Why SMS hasn't died in the era of messaging apps

SMS is not dead yet even as the ubiquity of OTT services are cementing in Africa. Here's why.

The entry of over the top (OTT) services such as WhatsApp and Viber, gave major telecom companies in Africa and their governments a reason of concern. For the telcos, their SMS revenues would drop as more users opt to use "free" messaging apps.

Such services solely rely on internet connection and do not have a backhaul of infrastructure the telcos have to put up and maintain. In Ethiopia the government planned to charge OTT apps users because they were affecting income for the state owned EthioTelecom.

However, years after the introduction of WhatsApp and other messaging apps, their cannibalisation of short message service (SMS) is yet to be felt, especially in Africa.
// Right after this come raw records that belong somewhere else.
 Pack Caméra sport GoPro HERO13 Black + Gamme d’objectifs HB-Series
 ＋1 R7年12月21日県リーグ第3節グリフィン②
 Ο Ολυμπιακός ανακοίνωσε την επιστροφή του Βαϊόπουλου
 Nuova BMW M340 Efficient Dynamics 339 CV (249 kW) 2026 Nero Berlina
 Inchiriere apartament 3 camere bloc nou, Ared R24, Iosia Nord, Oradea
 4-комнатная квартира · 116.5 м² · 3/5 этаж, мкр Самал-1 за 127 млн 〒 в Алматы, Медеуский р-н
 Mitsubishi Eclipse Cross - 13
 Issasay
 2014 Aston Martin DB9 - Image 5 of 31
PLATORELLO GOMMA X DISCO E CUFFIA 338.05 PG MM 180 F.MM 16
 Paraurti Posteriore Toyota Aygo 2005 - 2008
Both Kenya's leading telco Safaricom and Telkom Kenya have offered free WhatsApp bundle for their users, indicating that the domination of messaging services has been highly exaggerated - at least for now.

Even though access to WhatsApp needs data that increases the telco's data margins, there seems to be little change on its effect on SMS. According to the Communication Authority of Kenya (CA), the body that regulates telecom companies, there is still an increase in SMS usage across the country.
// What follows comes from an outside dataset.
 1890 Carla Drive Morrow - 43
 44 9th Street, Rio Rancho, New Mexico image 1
In their second quarter for year 2018/19 (October to December 2018) there were over 17 billion net SMS compared to the previous quarter (July to September 2018) where they recorded over 14 billion on net SMS.

In contrast, in 2016 there was a 19.7 percent drop in SMS use and the telcos attributed it to the use of OTT messaging apps. During the period from January to March, the CA recorded only 6.5 billion messages, down from 8.1 billion in the previous quarter. 

"The significant drop of SMS traffic could be attributed to the popular use of Over-The-Top (OTT) services like WhatsApp, Hangouts, among others," said a statement from the Communication Authority of Kenya in 2016.